PROMPT: List all the lines in these records that hold "https".

Stored records:
==*==

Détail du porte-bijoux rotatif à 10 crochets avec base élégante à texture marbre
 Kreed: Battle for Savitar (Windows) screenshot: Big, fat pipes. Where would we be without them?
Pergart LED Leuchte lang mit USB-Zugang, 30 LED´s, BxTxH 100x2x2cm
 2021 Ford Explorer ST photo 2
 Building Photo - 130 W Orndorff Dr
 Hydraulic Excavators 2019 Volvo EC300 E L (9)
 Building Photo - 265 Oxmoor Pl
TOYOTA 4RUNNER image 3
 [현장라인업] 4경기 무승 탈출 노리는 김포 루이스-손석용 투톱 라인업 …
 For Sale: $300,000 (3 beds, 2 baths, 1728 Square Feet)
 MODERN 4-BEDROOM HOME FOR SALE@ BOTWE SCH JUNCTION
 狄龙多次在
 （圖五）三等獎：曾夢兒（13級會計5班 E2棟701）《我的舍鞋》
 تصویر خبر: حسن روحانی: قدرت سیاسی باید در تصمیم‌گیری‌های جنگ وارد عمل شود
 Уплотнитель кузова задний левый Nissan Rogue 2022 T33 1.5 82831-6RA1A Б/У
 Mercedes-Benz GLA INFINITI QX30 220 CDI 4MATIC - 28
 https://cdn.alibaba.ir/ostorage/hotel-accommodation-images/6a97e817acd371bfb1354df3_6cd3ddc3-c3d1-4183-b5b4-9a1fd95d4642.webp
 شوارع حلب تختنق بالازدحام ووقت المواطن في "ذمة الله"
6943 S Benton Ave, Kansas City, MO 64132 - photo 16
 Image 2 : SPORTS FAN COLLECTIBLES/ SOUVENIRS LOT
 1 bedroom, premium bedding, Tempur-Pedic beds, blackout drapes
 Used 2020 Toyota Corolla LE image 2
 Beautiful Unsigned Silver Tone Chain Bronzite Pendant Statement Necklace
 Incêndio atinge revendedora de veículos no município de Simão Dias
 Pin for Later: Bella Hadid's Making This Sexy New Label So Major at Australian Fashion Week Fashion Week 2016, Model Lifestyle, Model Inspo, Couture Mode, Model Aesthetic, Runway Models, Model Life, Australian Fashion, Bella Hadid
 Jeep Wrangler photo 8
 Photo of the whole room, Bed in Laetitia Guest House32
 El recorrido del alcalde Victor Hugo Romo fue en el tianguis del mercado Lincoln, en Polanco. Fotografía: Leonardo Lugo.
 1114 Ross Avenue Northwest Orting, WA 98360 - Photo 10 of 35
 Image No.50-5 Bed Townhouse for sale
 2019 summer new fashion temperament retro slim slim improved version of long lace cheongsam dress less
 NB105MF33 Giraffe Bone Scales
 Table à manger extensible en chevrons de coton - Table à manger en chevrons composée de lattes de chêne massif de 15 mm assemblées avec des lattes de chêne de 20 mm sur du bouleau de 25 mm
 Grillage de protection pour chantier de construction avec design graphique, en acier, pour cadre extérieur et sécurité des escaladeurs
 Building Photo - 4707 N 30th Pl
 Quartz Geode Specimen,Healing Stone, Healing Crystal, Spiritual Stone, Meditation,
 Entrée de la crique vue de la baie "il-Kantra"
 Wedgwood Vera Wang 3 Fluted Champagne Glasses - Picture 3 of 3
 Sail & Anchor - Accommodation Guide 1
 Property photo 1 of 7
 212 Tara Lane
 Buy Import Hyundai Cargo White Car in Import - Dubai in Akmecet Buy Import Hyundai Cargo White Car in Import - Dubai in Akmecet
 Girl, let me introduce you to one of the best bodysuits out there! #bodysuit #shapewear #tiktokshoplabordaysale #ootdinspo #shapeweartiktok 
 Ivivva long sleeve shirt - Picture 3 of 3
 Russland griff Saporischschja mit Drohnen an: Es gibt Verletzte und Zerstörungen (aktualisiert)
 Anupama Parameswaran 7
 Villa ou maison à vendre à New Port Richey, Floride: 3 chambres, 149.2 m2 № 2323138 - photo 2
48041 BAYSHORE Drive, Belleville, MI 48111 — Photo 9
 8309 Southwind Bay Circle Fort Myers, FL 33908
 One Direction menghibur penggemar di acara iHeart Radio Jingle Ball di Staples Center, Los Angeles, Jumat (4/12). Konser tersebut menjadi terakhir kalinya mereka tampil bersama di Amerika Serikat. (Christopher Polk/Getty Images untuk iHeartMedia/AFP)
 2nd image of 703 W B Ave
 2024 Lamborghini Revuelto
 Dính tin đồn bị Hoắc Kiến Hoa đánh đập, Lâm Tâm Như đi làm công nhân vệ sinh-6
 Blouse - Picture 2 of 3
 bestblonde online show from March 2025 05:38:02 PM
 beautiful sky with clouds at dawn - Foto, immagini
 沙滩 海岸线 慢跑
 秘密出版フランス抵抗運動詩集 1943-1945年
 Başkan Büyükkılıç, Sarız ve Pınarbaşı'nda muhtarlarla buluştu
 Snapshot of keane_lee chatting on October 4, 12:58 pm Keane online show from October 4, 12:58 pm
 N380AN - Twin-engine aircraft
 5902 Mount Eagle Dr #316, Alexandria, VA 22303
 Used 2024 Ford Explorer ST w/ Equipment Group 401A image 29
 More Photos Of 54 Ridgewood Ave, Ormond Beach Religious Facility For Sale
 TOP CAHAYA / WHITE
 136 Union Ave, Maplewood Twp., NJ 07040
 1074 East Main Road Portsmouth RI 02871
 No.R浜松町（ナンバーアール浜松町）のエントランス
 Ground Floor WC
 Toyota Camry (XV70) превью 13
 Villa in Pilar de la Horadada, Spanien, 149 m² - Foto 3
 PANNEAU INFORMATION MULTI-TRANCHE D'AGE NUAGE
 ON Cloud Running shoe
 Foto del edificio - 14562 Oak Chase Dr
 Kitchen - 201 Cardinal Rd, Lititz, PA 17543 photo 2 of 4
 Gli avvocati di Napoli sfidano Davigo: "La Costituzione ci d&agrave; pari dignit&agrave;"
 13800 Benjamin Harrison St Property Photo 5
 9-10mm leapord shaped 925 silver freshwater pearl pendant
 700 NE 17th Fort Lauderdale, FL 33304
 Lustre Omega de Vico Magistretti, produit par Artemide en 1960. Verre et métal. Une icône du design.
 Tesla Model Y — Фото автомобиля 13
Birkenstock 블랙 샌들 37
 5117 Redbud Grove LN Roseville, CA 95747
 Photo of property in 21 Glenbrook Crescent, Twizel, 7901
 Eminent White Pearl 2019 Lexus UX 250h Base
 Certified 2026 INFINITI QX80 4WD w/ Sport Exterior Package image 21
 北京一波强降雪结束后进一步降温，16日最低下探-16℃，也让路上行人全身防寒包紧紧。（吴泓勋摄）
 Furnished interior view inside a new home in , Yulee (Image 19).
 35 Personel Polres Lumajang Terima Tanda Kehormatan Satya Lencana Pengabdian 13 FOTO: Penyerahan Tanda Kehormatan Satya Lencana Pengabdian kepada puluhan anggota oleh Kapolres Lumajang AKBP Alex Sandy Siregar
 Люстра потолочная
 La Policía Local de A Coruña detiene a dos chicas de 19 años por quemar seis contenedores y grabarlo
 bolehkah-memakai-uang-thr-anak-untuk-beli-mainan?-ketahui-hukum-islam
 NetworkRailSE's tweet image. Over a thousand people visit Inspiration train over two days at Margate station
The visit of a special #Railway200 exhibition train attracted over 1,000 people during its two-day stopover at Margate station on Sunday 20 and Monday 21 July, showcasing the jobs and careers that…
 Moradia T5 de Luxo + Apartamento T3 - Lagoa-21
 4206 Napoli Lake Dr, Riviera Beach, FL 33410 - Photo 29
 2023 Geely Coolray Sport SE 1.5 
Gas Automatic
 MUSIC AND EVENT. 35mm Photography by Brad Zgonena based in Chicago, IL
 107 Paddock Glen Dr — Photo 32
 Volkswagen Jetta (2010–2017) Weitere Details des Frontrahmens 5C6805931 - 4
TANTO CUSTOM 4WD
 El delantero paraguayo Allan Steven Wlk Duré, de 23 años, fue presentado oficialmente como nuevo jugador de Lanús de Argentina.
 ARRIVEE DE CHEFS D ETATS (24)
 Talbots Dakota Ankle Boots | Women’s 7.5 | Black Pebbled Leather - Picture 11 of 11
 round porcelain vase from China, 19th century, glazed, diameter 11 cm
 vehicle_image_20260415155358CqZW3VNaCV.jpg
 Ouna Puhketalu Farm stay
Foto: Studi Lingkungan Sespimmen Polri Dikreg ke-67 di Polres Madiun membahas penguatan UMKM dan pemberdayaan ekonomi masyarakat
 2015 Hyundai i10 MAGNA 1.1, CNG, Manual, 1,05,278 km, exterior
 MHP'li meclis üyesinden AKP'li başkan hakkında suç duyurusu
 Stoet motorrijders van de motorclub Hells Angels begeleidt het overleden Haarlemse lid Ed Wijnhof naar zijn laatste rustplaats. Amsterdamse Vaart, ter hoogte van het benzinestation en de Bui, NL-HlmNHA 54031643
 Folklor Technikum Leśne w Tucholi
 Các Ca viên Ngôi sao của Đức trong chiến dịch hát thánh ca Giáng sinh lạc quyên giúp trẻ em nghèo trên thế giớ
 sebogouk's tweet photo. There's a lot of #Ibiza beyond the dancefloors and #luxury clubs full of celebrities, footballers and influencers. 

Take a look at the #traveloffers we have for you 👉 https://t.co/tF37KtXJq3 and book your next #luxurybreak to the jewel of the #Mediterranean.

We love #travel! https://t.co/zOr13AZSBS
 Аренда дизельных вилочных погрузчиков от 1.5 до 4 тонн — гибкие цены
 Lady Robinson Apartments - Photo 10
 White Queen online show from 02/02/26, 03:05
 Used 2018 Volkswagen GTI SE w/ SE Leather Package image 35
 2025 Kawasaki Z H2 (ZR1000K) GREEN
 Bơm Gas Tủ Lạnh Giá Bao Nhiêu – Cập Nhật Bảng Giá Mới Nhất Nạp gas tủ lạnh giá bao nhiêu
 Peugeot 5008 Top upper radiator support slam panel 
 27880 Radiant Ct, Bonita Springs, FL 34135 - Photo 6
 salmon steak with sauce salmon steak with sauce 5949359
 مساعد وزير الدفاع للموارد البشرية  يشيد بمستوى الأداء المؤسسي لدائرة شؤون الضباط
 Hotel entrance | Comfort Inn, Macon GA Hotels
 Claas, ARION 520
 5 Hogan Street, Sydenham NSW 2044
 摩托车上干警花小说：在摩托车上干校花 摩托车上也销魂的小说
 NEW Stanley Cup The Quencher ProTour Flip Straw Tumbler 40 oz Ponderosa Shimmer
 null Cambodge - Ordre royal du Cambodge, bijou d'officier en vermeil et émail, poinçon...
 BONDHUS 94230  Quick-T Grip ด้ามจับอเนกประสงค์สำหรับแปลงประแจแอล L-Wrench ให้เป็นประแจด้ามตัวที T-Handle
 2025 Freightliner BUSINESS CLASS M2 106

==*==

SOLUTION BELOW:
 https://cdn.alibaba.ir/ostorage/hotel-accommodation-images/6a97e817acd371bfb1354df3_6cd3ddc3-c3d1-4183-b5b4-9a1fd95d4642.webp
Take a look at the #traveloffers we have for you 👉 https://t.co/tF37KtXJq3 and book your next #luxurybreak to the jewel of the #Mediterranean.
We love #travel! https://t.co/zOr13AZSBS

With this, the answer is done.